If you are looking at the stdout/stderr spew from sample_camera then you are looking in the wrong place. It seems to be perfectly unaware that the underlying MIPI/CSI-2 ingress engine has gone off and whacked some memory address it is not permitted to access. You need to look at the CCPLEX output to see the SMMU fault.

Take the file tio-thor.txt and use your tool to demux the debug port capture on it. Look at the CCPLEX output.

you can also see the secondary impact in the file dmesg-tail.txt as it shows all of the failures logged after the fault that impact logged by nvethernet driver. Similarly the output of journactl-tail.txt shows the impact to ptp4l as well as the kernel logging from nvethernet.

The archive contains a file notes.txt that explain how the data was collected.

Since the output of sample_camera is captured with tee on a single command line, when CTRL-C is issued to the shell it delivers the signal to both sample_camera and tee so the output of sample_camera responding to the signal is likely just discarded. There is nothing particularly interesting here. All of the failure happened long before the shutdown sequence.

Dear @david.cattley ,
We ran sample_camera with V1SIM728MPRU4120ND1. Attaching the logs from our local test.
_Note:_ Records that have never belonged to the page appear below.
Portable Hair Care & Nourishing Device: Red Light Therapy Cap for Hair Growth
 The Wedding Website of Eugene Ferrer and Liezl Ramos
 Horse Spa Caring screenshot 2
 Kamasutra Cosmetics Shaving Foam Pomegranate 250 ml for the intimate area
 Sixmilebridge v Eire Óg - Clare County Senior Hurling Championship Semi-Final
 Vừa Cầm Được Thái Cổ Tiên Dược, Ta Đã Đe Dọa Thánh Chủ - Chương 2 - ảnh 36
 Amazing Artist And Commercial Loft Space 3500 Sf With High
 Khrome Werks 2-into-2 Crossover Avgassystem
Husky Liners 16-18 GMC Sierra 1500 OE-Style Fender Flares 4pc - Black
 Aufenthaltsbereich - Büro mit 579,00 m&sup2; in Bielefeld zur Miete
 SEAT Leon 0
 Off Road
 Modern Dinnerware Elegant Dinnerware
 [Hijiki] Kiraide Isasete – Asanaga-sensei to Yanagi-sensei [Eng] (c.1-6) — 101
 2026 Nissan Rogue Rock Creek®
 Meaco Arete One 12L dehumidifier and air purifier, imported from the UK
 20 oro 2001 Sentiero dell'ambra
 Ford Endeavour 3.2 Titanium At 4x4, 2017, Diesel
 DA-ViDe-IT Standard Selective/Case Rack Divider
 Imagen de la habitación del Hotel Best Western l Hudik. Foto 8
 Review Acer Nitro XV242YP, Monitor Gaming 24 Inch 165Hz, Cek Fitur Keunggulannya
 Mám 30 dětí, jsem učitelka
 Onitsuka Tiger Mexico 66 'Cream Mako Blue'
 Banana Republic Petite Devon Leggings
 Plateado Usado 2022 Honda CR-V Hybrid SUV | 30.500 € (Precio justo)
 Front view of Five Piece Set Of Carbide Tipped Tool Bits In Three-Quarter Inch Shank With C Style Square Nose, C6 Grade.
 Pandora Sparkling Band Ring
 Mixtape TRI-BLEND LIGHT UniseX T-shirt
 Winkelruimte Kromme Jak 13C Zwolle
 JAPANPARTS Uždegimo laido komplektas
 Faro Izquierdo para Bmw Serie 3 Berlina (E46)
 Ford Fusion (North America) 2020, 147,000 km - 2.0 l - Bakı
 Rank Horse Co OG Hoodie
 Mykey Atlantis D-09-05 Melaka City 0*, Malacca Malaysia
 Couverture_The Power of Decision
We don’t see SMMU fault

Serial console log : ACM0 output.txt (120.5 KB)
Sample_camera log : sample_camera lraw log.txt (117.4 KB)
GUI output via VNC session :


Used configuration : "parameter": "camera-name=V1SIM728MPRU4120ND1,disable-custintf=1,disable-auth=1,interface=csi-ab,skip-eeprom=1,CPHY-mode=1,link=2,fifo-size=8,output-format=raw+processed,async-record=1,deserializer=MAX96724_Fusa_nv,file-buffer-size=16777216,format=lraw",

Thanks for the update.

I see that the test was on CSI AB with a MAX96724 deserializer.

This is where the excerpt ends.